Tariq writes, “The love that will come to you is not at all what you are seeking. It is an illusion, a prison. The love you seek, the love that you must learn, opens wide to you the door of freedom: alone, by twos, by thousands, it teaches you to say: “It is Him I love” and, in the depths of your heart, feel yourself loved,” as if to say, all the loves in this world are not really love at all, but rather counterfeits to the true love.’ Tariq encourages other loves only because they push us to discover that they are not the real love we seek, and perhaps to push further to find God’s love – both to love God and realize we are loved by God. It’s a beautiful sentiment, but ultimately more a sentiment than a practical reality. I say, choose to make a habit of the actions of love, and you will find real love. And real love is true love. The love of mother, father, sister, brother, wife, children, friends and even strangers, is true love, because it is the love of God. And, such love does not limit direct love of God. Such loves are not prisons, but rather bridges. The love we seek is the love Allah invites us to in our daily lives, but as with all things from Allah, they are simply incomplete without God. When we love others, and then add to them God, then we love God in fullness. But, if we love God but ignore all those others, our love is incomplete.
Going back to the stolen painting: To fail to see the beauty of the the stolen painting in a photo of it that you might see is to miss the point that the painting was intended to be beautiful, not a possession.

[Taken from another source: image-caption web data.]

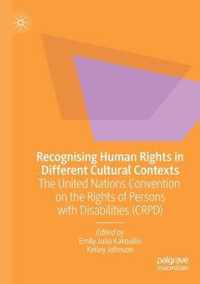 Recognising Human Rights in Different Cultural Contexts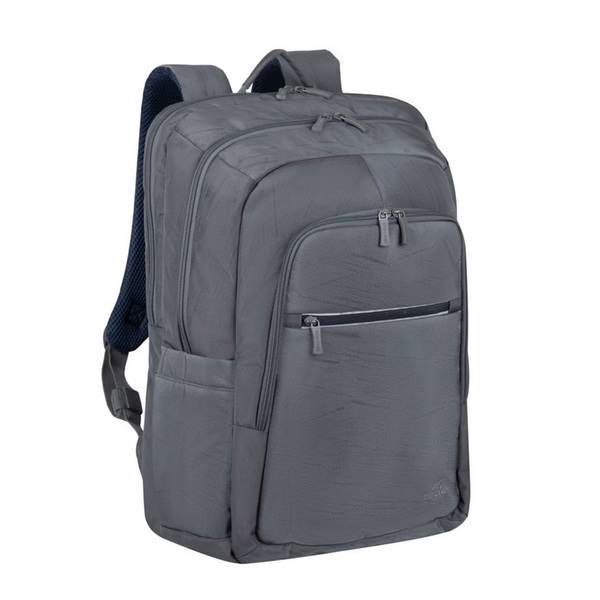Zaino per Notebook da 17.3" ECO in plastica riciclata Grigio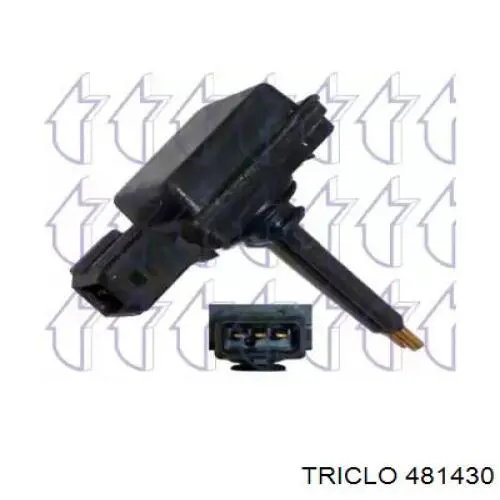 Compre 481430 Triclo Sensor do nível do fluido de esfriamento no tanque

Love is not something to be possessed, but rather something to be enjoyed. If you love a painting of great beauty only if it is in your possession, then you have not really loved – you have only possessed it. To seek to love God and not all those that God loves is equally an act of possession rather than love. Thus, where Tariq seems to see in all our other loves things that can lead us towards true love yet also keep us from that true love, I see in all these other loves an aspect of the ultimate love, which is complete when all are a part of the whole. Thus, we love those around us, and we love God, and only in this way do we have hope of loving God fully. And when its tough to know how to love God, or to feel love for God because we live in a post-modern world where such love is tattooed into our brains as “superstition”, I say, love those around you as much as you can and choose to love God as much as possible, and allow those loves that are concrete and real to be bridges for your heart to love God more truly and more directly and more fully. You will know its love when it finally brings forth within you the consistent desire to choose God’s aspirations over your own.
You commited a very bad mistake to have made my contribution deleted. Bayyina?! Confiscated?
To learn of love? If you have not known of it, you will always must learn to know it .. what a punishment!
Pride and braveness – always!
Hipocrisy and shame – never.
Silence shall win humankind – silence of Allah.
I am breathless after having read as carefully as I could your contribution. Many thanks.
Nora
Sir, very well said!
By the Mercy and Rahmah of Allah Ta’ala and through His Love we are eternally attracted towards Allah, bringing us closer to Allah and closer to each other.